What is wanted is the full listing, word for word, without its pictures.

_ _ _ _ _

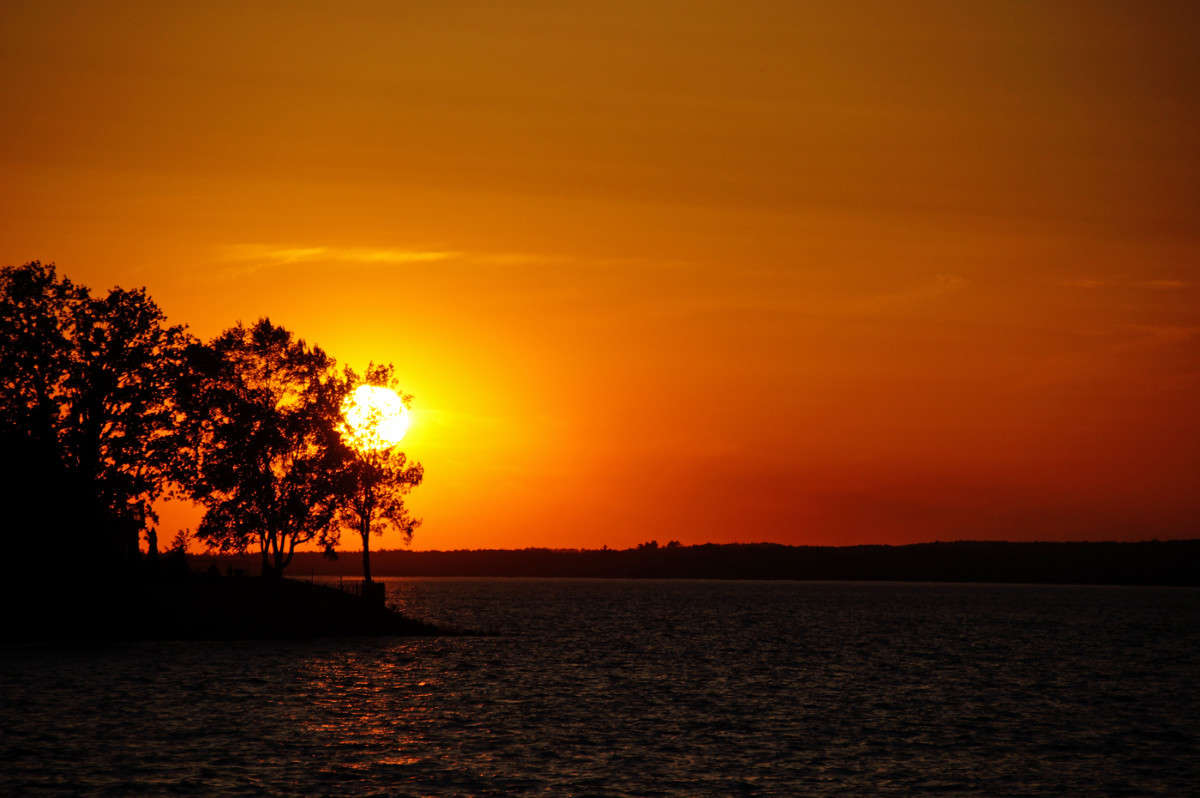 ��������� ����� �������  �� PhotoGeek.ru #������ ��� �������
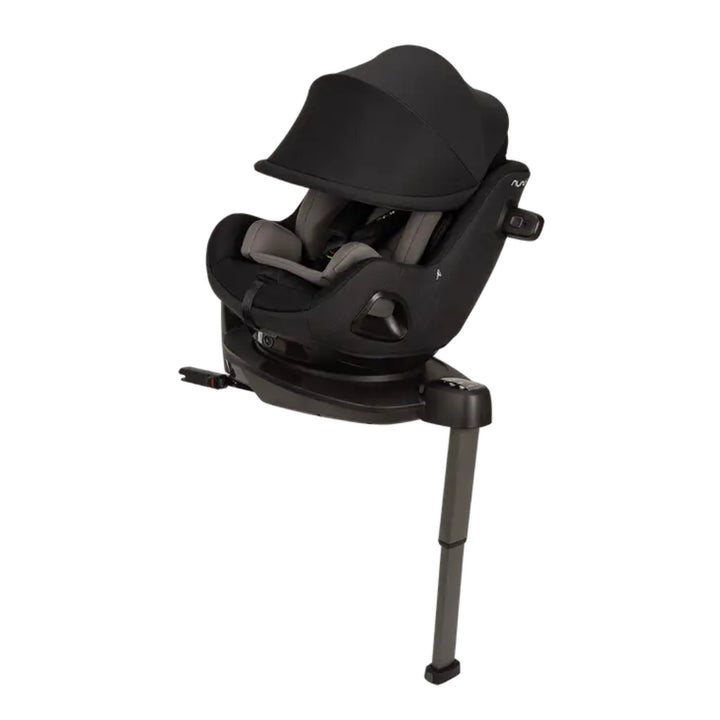Nuna pruu™ aire car seat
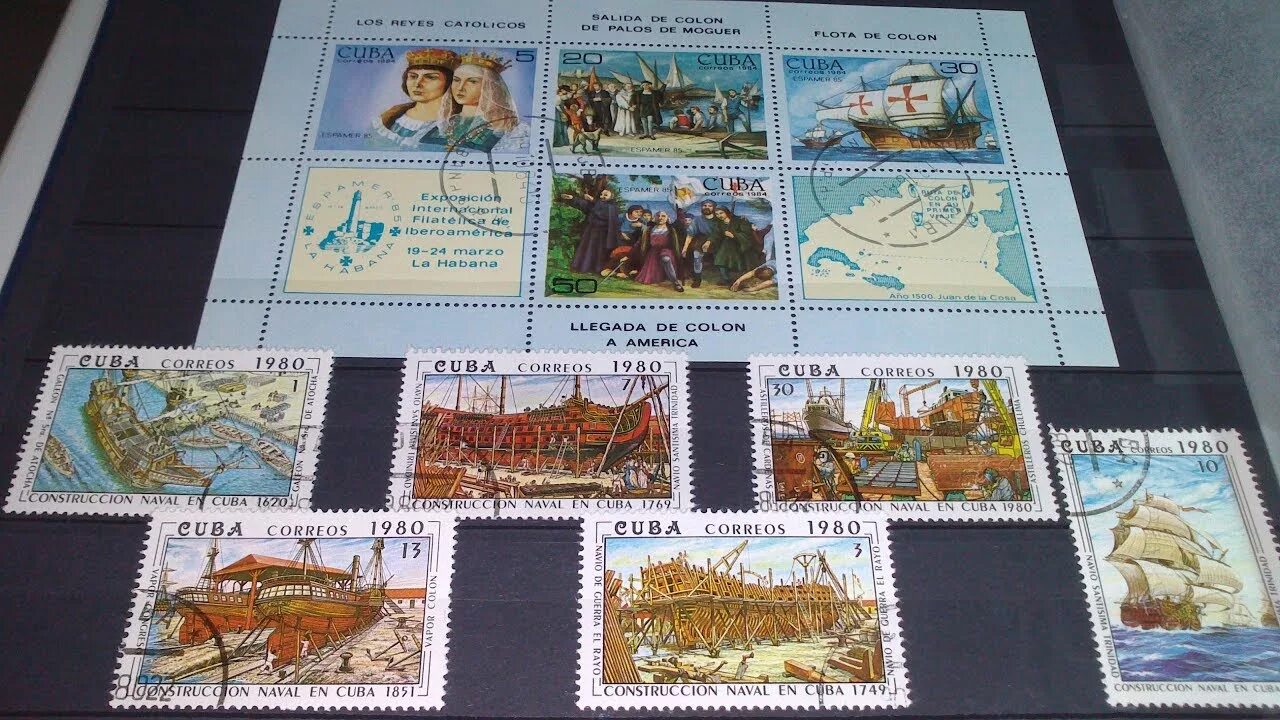 Марка 90х. Почтовые марки 90-х. марки 90х. марки 90 годов. почтовые марки 90х годов.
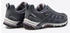 Meindl Caribe Lady GTX Graphit violet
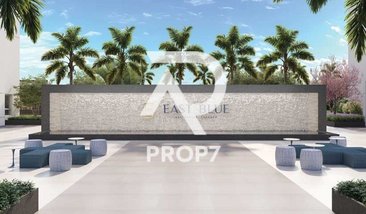 apartment em Rua Serra de Botucatu, Vila Gomes Cardim - São Paulo - SP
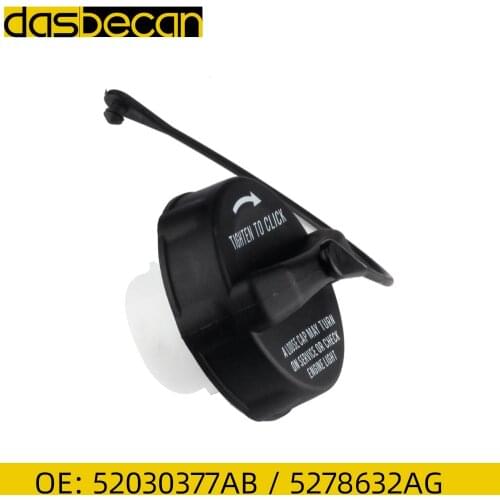 Крышки бензобаков Dasbecan China At AliExpress
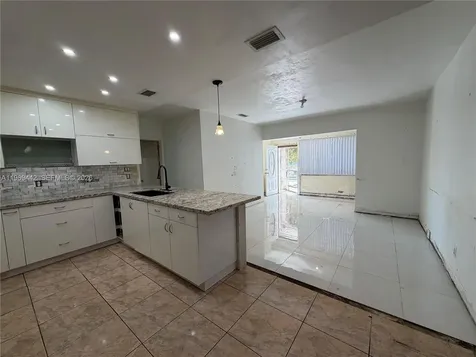 14015 NE 11th Avenue North Miami FL 33161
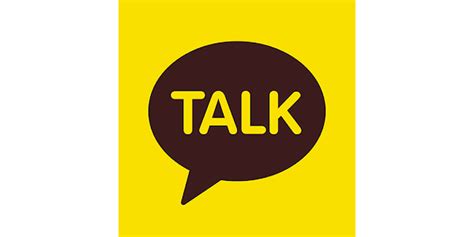 Kakaotalk Png Transparent Images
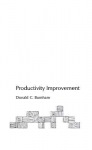Productivity Improvement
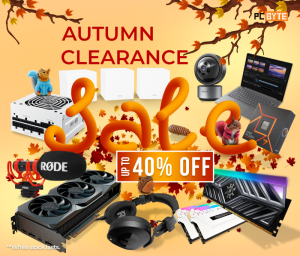 230210-PCB-Autumn-Clearance-1400x1200px.png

_ _ _ _ _

◆ Expected output ◆
 ��������� ����� �������  �� PhotoGeek.ru #������ ��� �������
Nuna pruu™ aire car seat
 Марка 90х. Почтовые марки 90-х. марки 90х. марки 90 годов. почтовые марки 90х годов.
 Meindl Caribe Lady GTX Graphit violet
 apartment em Rua Serra de Botucatu, Vila Gomes Cardim - São Paulo - SP
 Крышки бензобаков Dasbecan China At AliExpress
 14015 NE 11th Avenue North Miami FL 33161
 Kakaotalk Png Transparent Images
Productivity Improvement
 230210-PCB-Autumn-Clearance-1400x1200px.png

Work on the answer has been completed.